[[ Dataset extract, beginning ]]

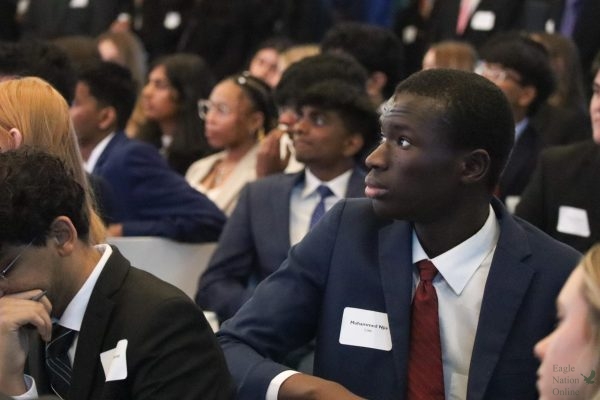 Just before eating lunch, PCIS 1 student senior Muhammed Njie listens to a speaker during the PCIS symposium at the National Toyota Headquarters. This year, Prosper High School offered PCIS 1 and PCIS 2 for returning seniors. The program is meant to help students improve their networking and interpersonal skills. 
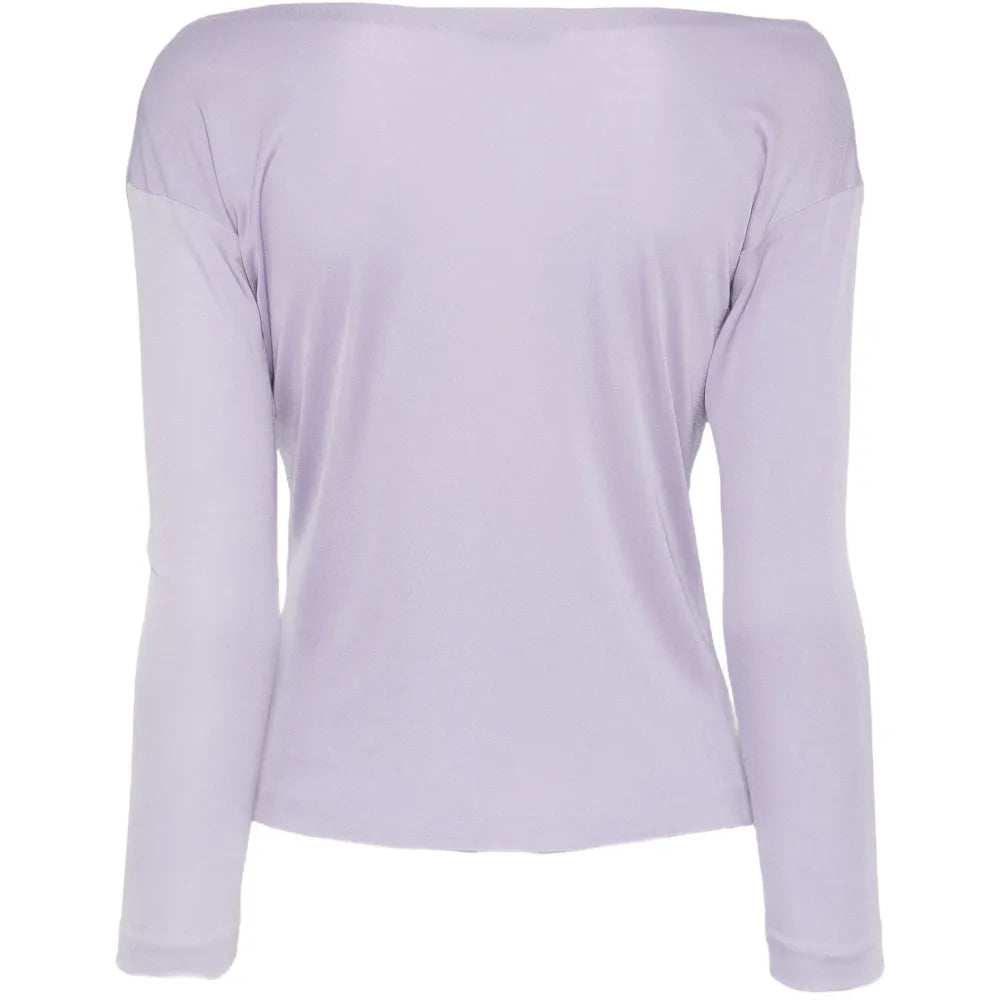 Emilio Pucci lilac silk long-sleeve top with a relaxed fit and elegant drape, displayed on a hanger.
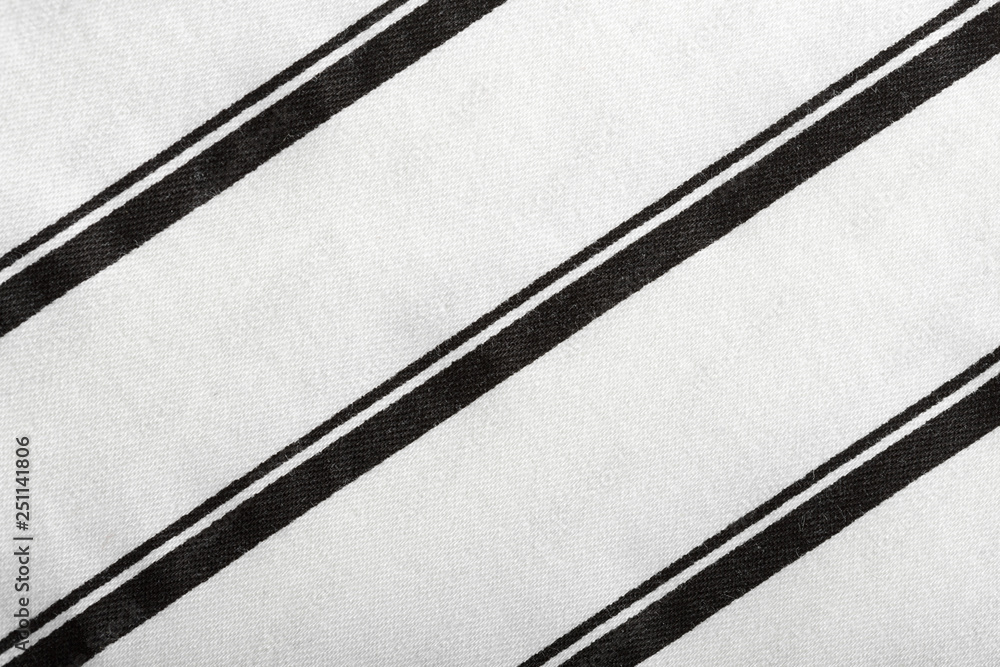Fototapeta premium Black and white striped cotton fabric. The texture of cotton fabric.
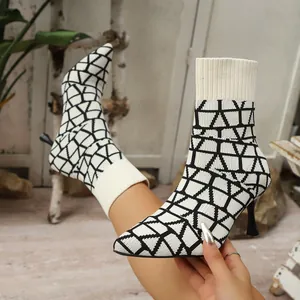High stiletto heel pointed toe sock boots with black and white geometric pattern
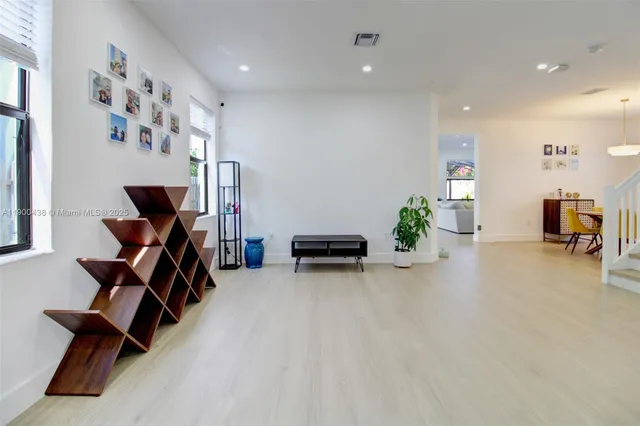 a view of a livingroom with workspace and a couch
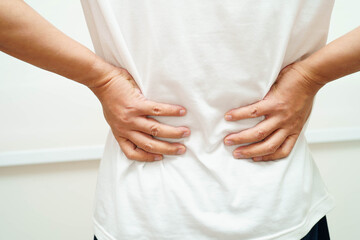 Asian man pain back muscle, spine and bone from accident.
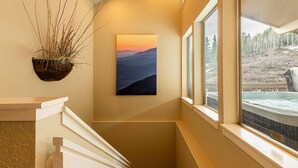 Ein Flur mit einem Gemälde einer Berglandschaft, einem Fenster mit Blick auf eine Whirlpool und einer Pflanze an der Wand.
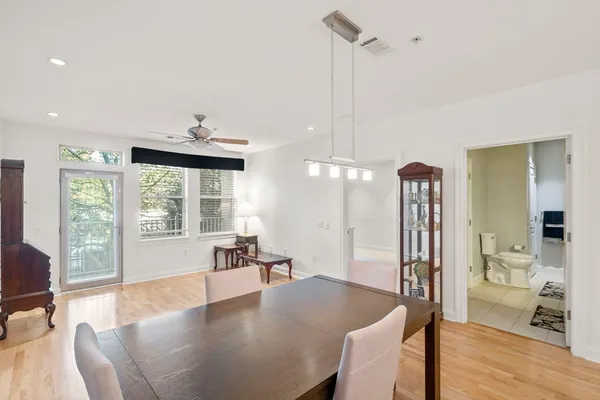a dining room with furniture and wooden floor
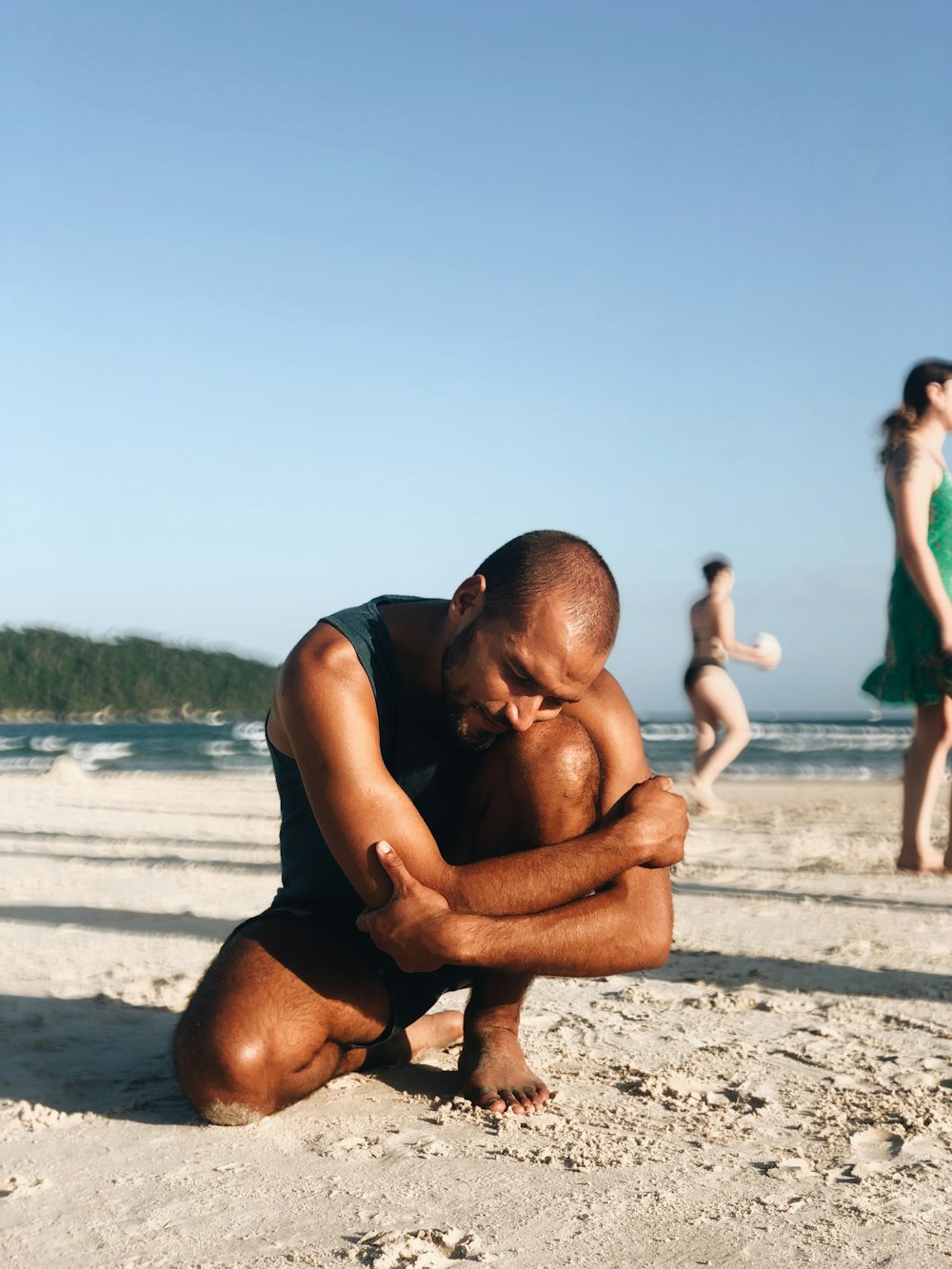 homme en short noir embrassant femme en débardeur noir sur la plage pendant la journée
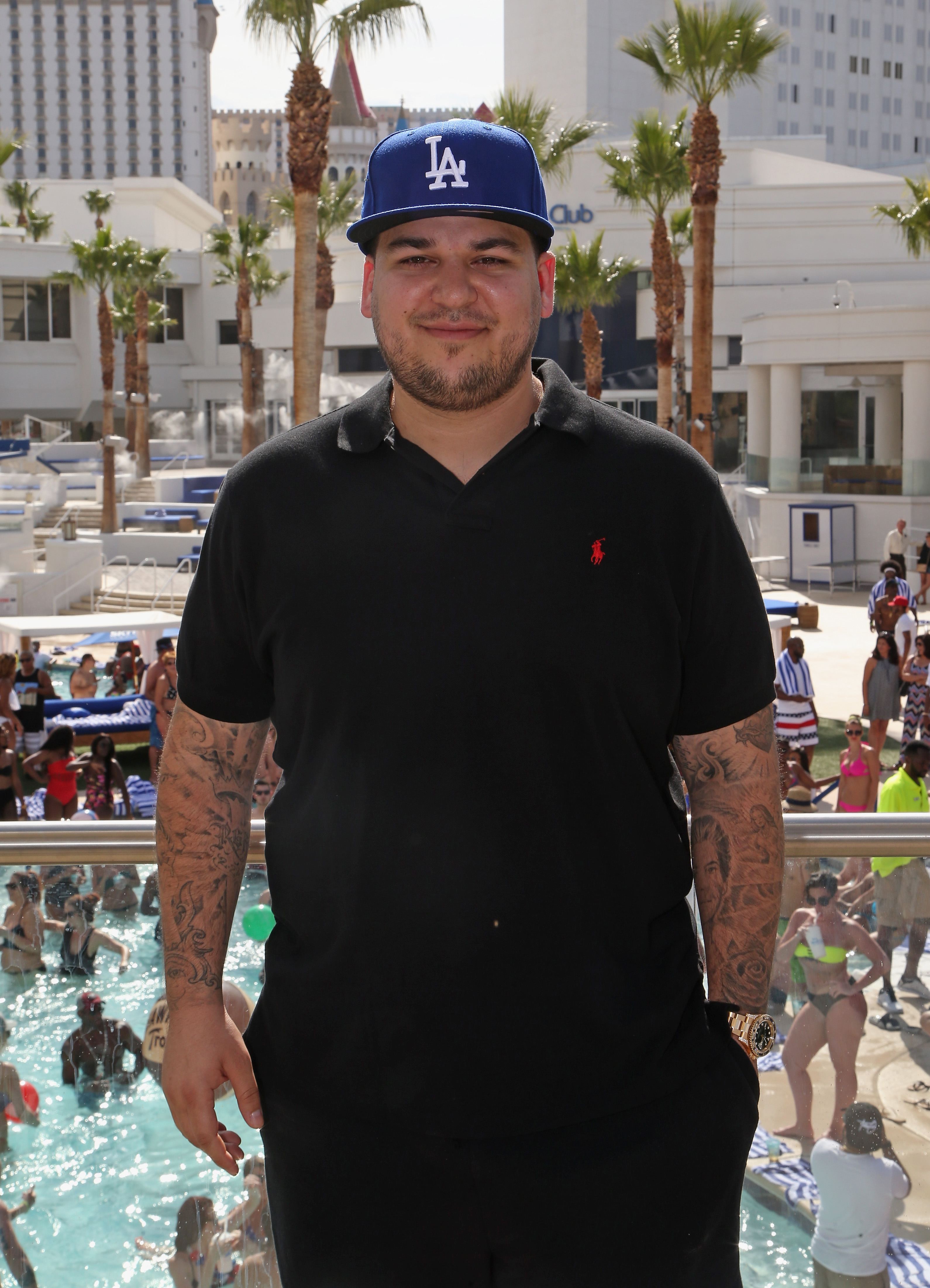 Rob Kardashian poses in a black polo shirt and LA baseball cap at Sky Beach Club in Las Vegas in May 2016. The appearance marked one of his rare returns to the public eye after years of struggling with body confidence and avoiding cameras. | Source: Getty Images.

[[ Dataset extract, end ]]

- [What is expected]:
Apart from the images, the entries above must be returned without alteration.

- [Solved problem]:
 Just before eating lunch, PCIS 1 student senior Muhammed Njie listens to a speaker during the PCIS symposium at the National Toyota Headquarters. This year, Prosper High School offered PCIS 1 and PCIS 2 for returning seniors. The program is meant to help students improve their networking and interpersonal skills. 
 Emilio Pucci lilac silk long-sleeve top with a relaxed fit and elegant drape, displayed on a hanger.
Fototapeta premium Black and white striped cotton fabric. The texture of cotton fabric.
High stiletto heel pointed toe sock boots with black and white geometric pattern
 a view of a livingroom with workspace and a couch
 Asian man pain back muscle, spine and bone from accident.
 Ein Flur mit einem Gemälde einer Berglandschaft, einem Fenster mit Blick auf eine Whirlpool und einer Pflanze an der Wand.
a dining room with furniture and wooden floor
 homme en short noir embrassant femme en débardeur noir sur la plage pendant la journée
 Rob Kardashian poses in a black polo shirt and LA baseball cap at Sky Beach Club in Las Vegas in May 2016. The appearance marked one of his rare returns to the public eye after years of struggling with body confidence and avoiding cameras. | Source: Getty Images.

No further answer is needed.